The book I’m reviewing today was in fact a Christmas gift (from my wonderful sister) who managed to grab me something off of my Amazon wish list before I grabbed it myself (you usually have to move pretty quickly to pull that one off, but these days my spending has dwindled to almost nil).
I don’t remember exactly when I first heard that Tim Reid and Tom Dreesen had once been a comedy team, but I do recall that it came as something of a shock. I (like most everyone else my age) knew Reid as Venus Flytrap on the TV series ‘WKRP in Cincinnati’. I had no idea that he was anything more than an accomplished character actor.
Tom Dreesen was familiar to me from countless Tonight Show appearances, as well as the fact that he was Frank Sinatra’s regular opening act during the last part of the Chairman’s career.

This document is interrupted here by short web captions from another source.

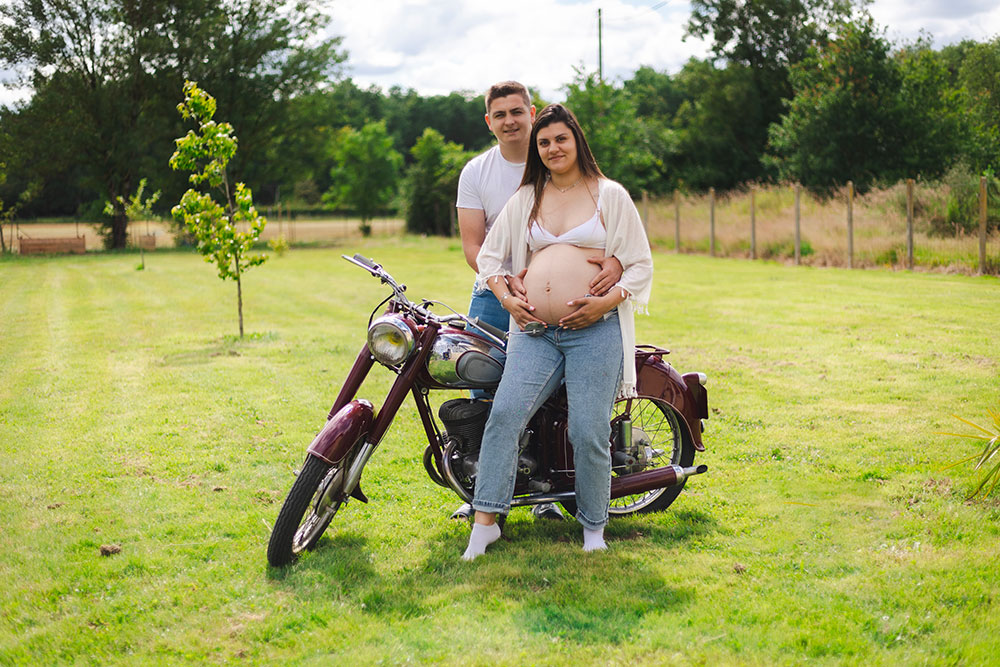 femme enceinte et papa devant moto lisa mazeau photographe professionnelle gironde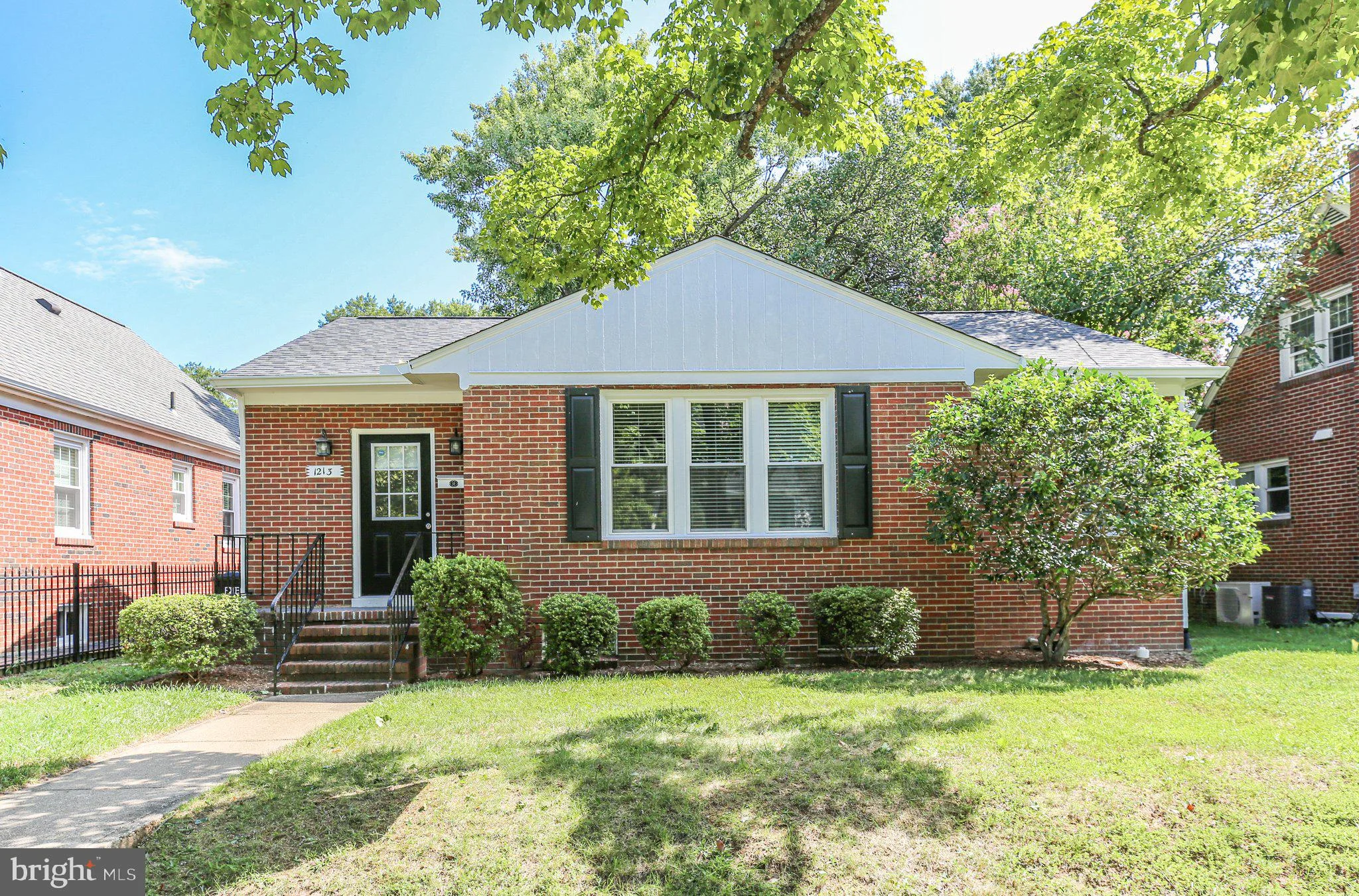1213 Stafford Avenue
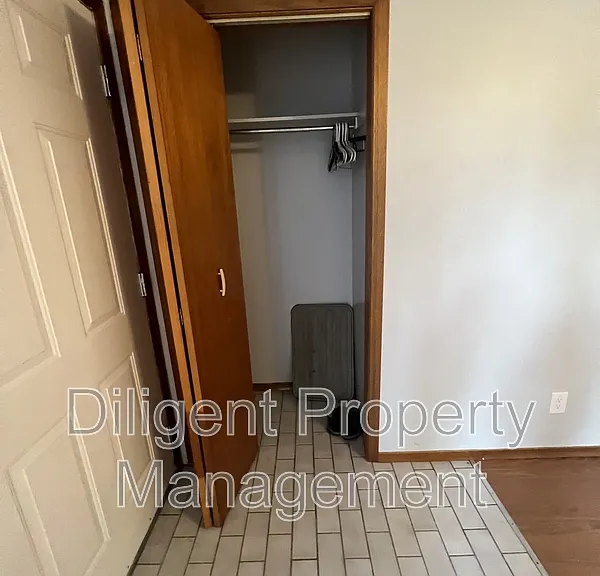 926 Dainard Dr #5 — Photo 5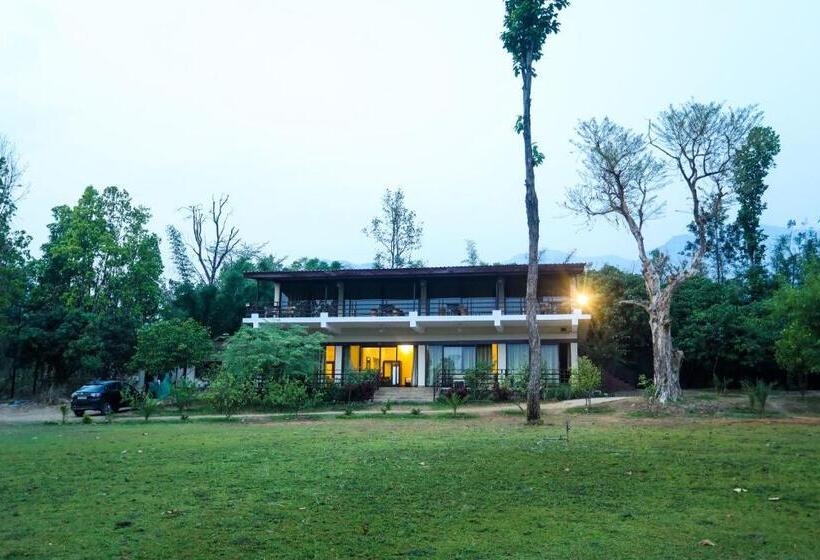 هتل Hideaway By Aahma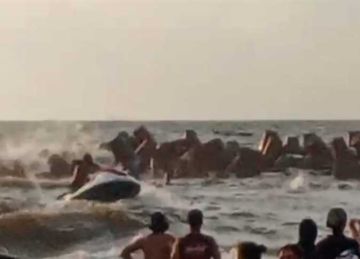 بـ جيت سكي .. إنقاذ 7 أشخاص من أسرة واحدة من الغرق بشاطئ النخيل غرب الإسكندرية (صور)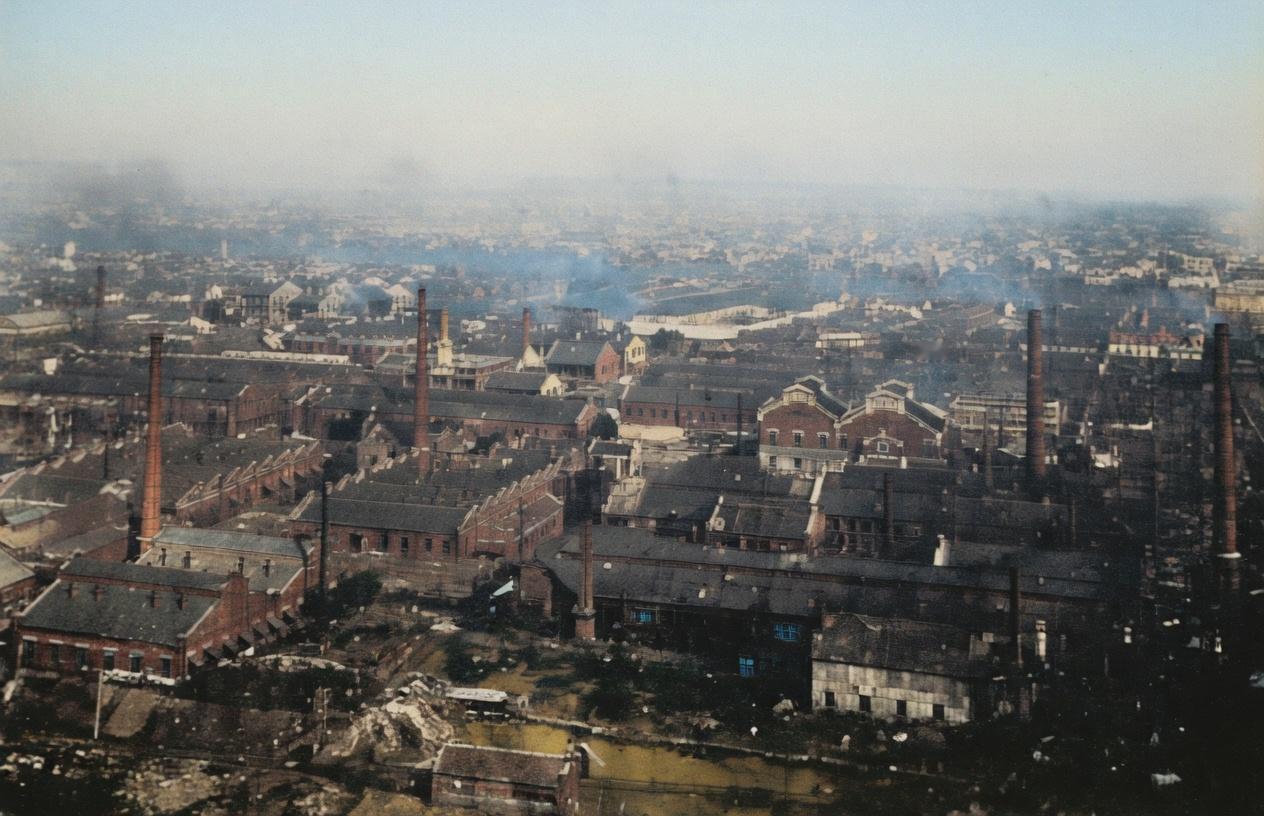 这是一张拍摄于清末民初的鸟瞰照片，定格了中国近代最重要的军工企业——汉阳兵工厂（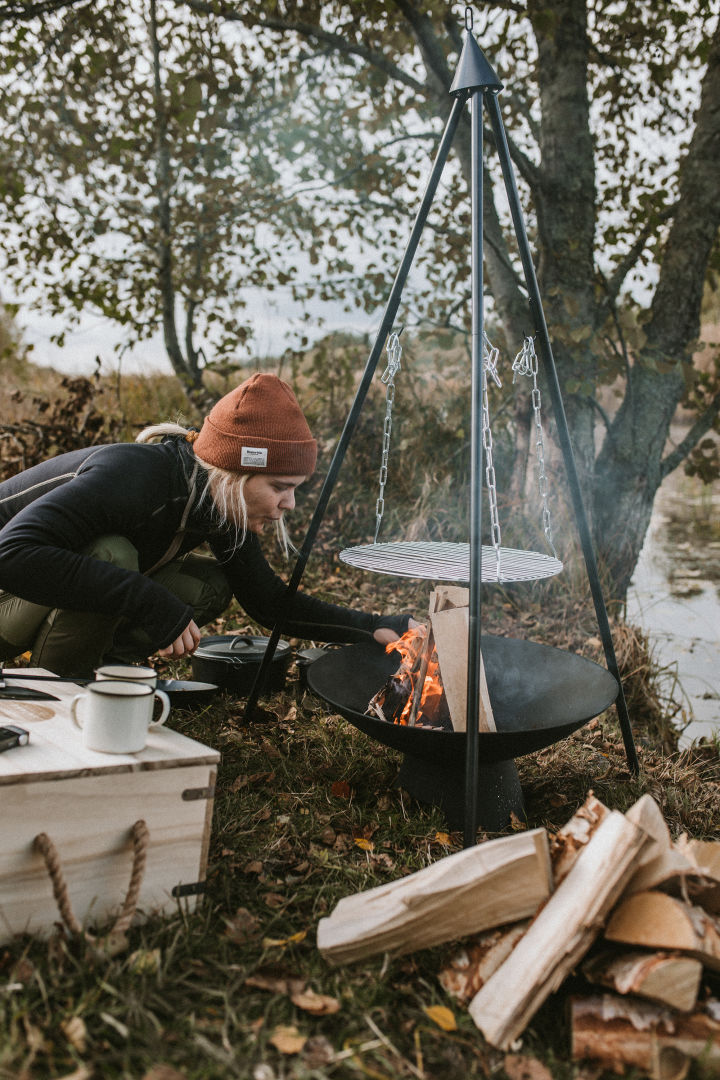 In unserer Herbst To-do-Liste geben wir Ihnen zahlreiche Tipps, was Sie diesen Herbst Skandinavisches machen können – zum Beispiel ein Lagerfeuer mit der Fireglobe Feuerschale von Eva Solo.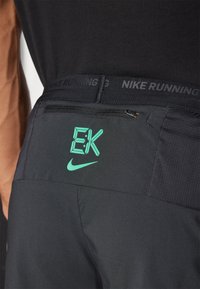 Nike Performance KIPCHOGE - Športové šortky - black/stadium green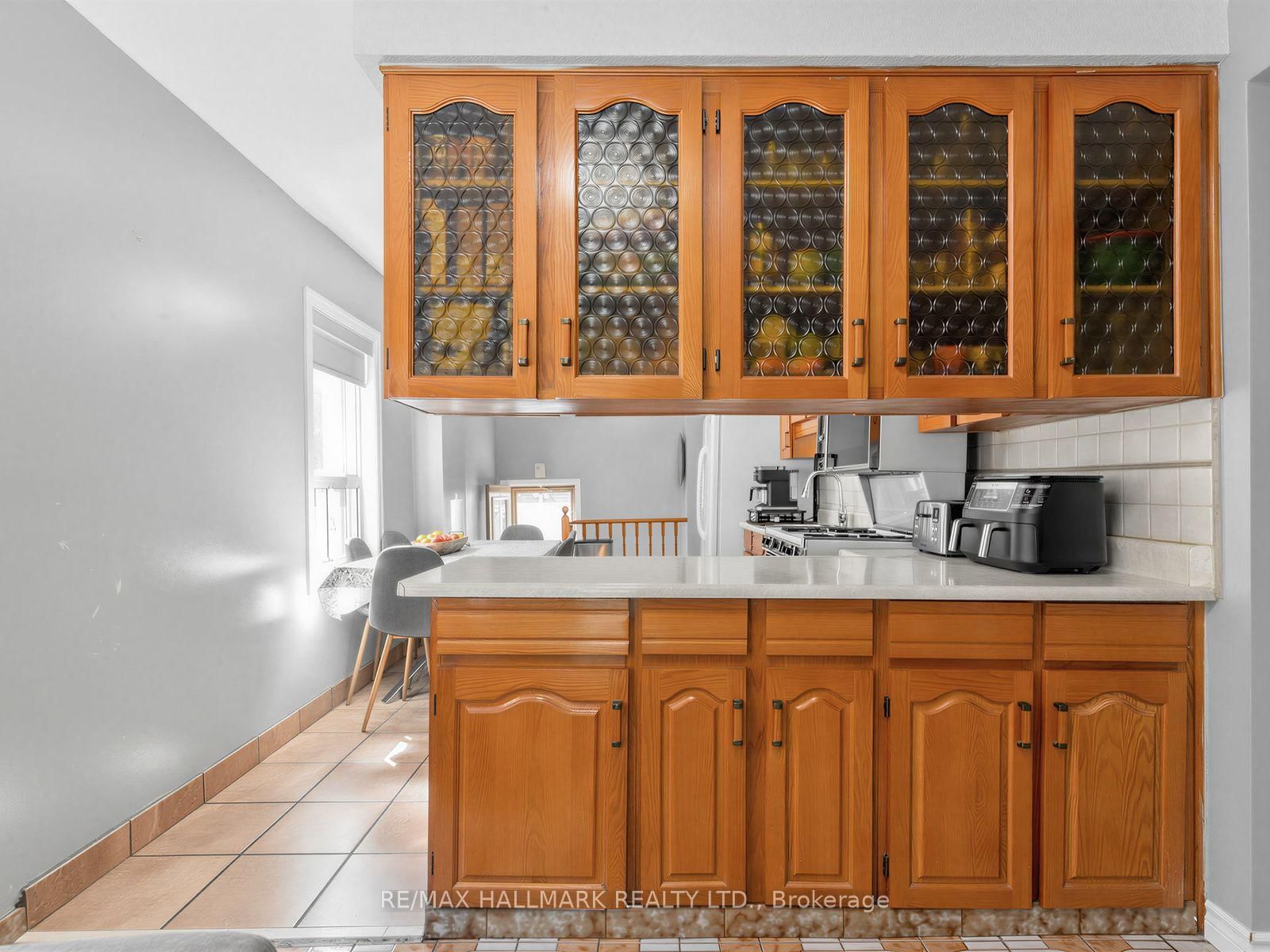 297 Strathmore Boulevard • Toronto, ON photo 14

Sometime toward the end of last year I happened upon Reid, who was appearing on DL Hughley’s show to promote this very book. I added it to my wishlist immediately, and because Santa Claus (and my sister) was watching, it dropped into my stocking shortly afterward.
‘Tim and Tom’ is a well written, and surprisingly bittersweet memoir of the comedy team of the same name. It describes the austere upbringings of both men, their meeting in the suburbs of Chicago, and their years of struggle as perhaps the only integrated comedy team in the country. While there are lots of familiar sounding anecdotes about showbiz struggles, they are all viewed through the lens of late 1960s race relations, and both men are painstakingly honest about their feelings about the partnership and each other.
I won’t be giving away any spoilers when I mention that ultimately they met only with limited success (as a pair).
It’s a great read as a unique story, but also for anyone interested in stand up comedy.